Милка своего ненаглядного и в темечко поцеловала, и в прокушенную губу.
— Ага, ага! Только в то самое Ж… которое вас свело, еще осталось чмокнуть! — не унималась Радмила, намереваясь до конца дня развлекать Лиину достаточно грубыми шутками.
— Да хватит тебе уже, Радмила Меркуловна. — Утихомирила ее она.
— А тебе не пора ли угомониться? Долго еще на Варна кукситься собираешься?
— Это он… — выдохнула непосильную и давящую на сердце обиду Лиина.
— Куксится? — уточнила хозяйка. — Вряд ли. Вот злится на тебя — эт да! Не обижала бы его. Он хороший. До того, как ты тут объявилась, и после смерти его семьи, он вообще интереса к деревне и людям не проявлял. Одичал. Ты опять его в человеческий облик вернула. Помирись с ним. Вы так подходите друг другу! — толкнула ее в плечо женщина. — Ты ж и сама мучаешься! Ночь вон не спала… Плакала. Или думаешь мы не слышали?
— Мучусь. Да может так и лучше, что мы поссорились, и уж теперь вряд ли помиримся. Ведь когда-нибудь мне придется уйти. — Увидев насколько расстроилась и изумилась Радмила, девушке очень захотелось поведать о владаре и клятве перед ним, о ребенке в ее чреве. Сдерживать поток слов становилось так невыносимо! Однако…
Он шел с мешком дичи и не смотрел в ее сторону. А у Лиины и речи все скомкались. Да и сердце опустилось камнем вниз при виде единственного мужчины, из-за которого все внутри сжималось и взрывалось искрами.
— Варн! — радостно бежал к охотнику, с распростертыми объятиями, Сережка. Замешкавшись, мужчина опустился на одно колено, чтобы перекинуться с мальчишкой парой слов. Даже, сидевшим на скамейке Радмиле и Лиине было слышно о чем они говорят. Ребенок спрашивал, почему охотник не приходил несколько дней, и останется ли он сегодня. А тот отвечал сухо и коротко: «Нет! У меня много дел!».
— Ему противно даже смотреть в мою сторону. — Отвернулась Лиина.
— Что за глупость? Просто мужская гордость мешает — прицел сбивает. Ниче! Перебесится и посмотрит, даже придет! Вот увидишь! — переубеждала ее хозяйка, да только девушка слушать не хотела, убежденная в собственной правоте. Радмиле стало жаль эту упертую девчушку из-за ее первого разочарования в любви.
— Здрасти, тетя Рада! Лиина! Ты же сегодня свободна? — подошел к их скамейке Ваня — славный, тихий, обычно не такой разговорчивый и участливый.
«Милка подослала!» — сразу сообразила с чего вдруг парень стал таким открытым Лиина. Выглянула из-за него. Милка кивала, намекая, соглашаться на все, чего бы парень не попросил. А Лиина еще разок посмотрела на Варна. Он проходил мимо и бросил один единственный колкий и холодный взгляд, означавший, что презрение мужчины так же велико, как горы вдалеке.
— Не занята она! Полностью свободна! — вместо девушки дала ответ Радмила.
Ваня смущенно улыбнулся ей и снова уставился на Лиину.
— Тогда пойдешь с нами? Мы хотим костер разжечь, поплясать у реки… — Предложил он.

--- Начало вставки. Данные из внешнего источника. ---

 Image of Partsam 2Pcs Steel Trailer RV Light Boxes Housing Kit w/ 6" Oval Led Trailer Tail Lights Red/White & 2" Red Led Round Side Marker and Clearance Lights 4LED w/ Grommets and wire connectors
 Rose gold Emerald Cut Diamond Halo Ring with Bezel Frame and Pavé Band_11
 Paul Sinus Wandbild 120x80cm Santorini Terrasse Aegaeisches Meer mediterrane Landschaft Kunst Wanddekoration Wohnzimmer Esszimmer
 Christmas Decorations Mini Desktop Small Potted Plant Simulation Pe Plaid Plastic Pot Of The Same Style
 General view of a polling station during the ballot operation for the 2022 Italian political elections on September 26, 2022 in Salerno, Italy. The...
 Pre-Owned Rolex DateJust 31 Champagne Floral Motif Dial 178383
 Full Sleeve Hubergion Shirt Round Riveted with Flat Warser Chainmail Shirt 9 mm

Лиина посмотрела Варну в спину, и, пожалуй, из врожденной женской вредности, взяла да и согласилась на Ванькины уговоры, хоть ей вовсе не хотелось пропитываться запахом костра.

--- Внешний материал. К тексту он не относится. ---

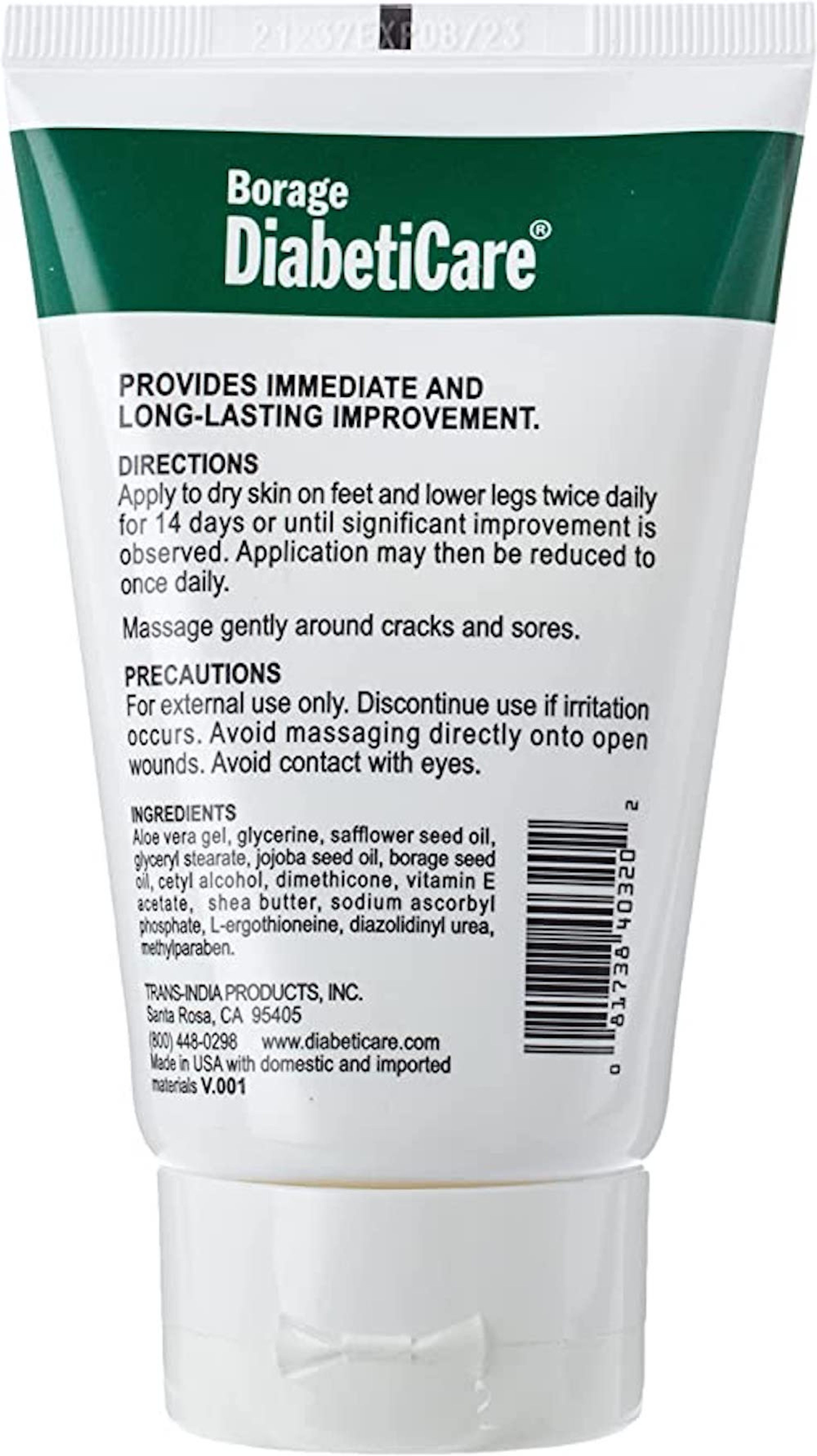 Borage DiabetiCare Foot Cream, Latex-free, 4.2 oz.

Песня тяжелой любви, в которой не было счастья ни одной из сторон, в которой девушка от боли превратилась в соловушку и улетела, чтобы забыться навсегда, звучала тремя женскими голосами. В некоторых партиях им составляли компанию мужские басы, создававшие колорит. У костра, где можно было и согреться (от огня и жара), и замерзнуть (от тянущего со стороны реки холода) одновременно, волей-неволей задумываешься о любви. Так и хочется, чтобы кто-то теплый и родной, присел рядом на бревно, обнял за плечи и не отпускал. Молодые люди так и поступали. Парни выбирали себе девиц, присаживались, зная, что те не прогонят, и уж тут-то, пользуясь поводом, обнимали за плечи. Практически каждой девушке нашлась пара. А те, кто оставался сам, грелись плечом к плечу и шептались о других.
— Вот выпей, — подсел к Лиине Ваня, протянув стакан.
— А что там? — принюхалась девушка, скривилась, распознав самогон. — Не! Я не хочу. Да и вредно это!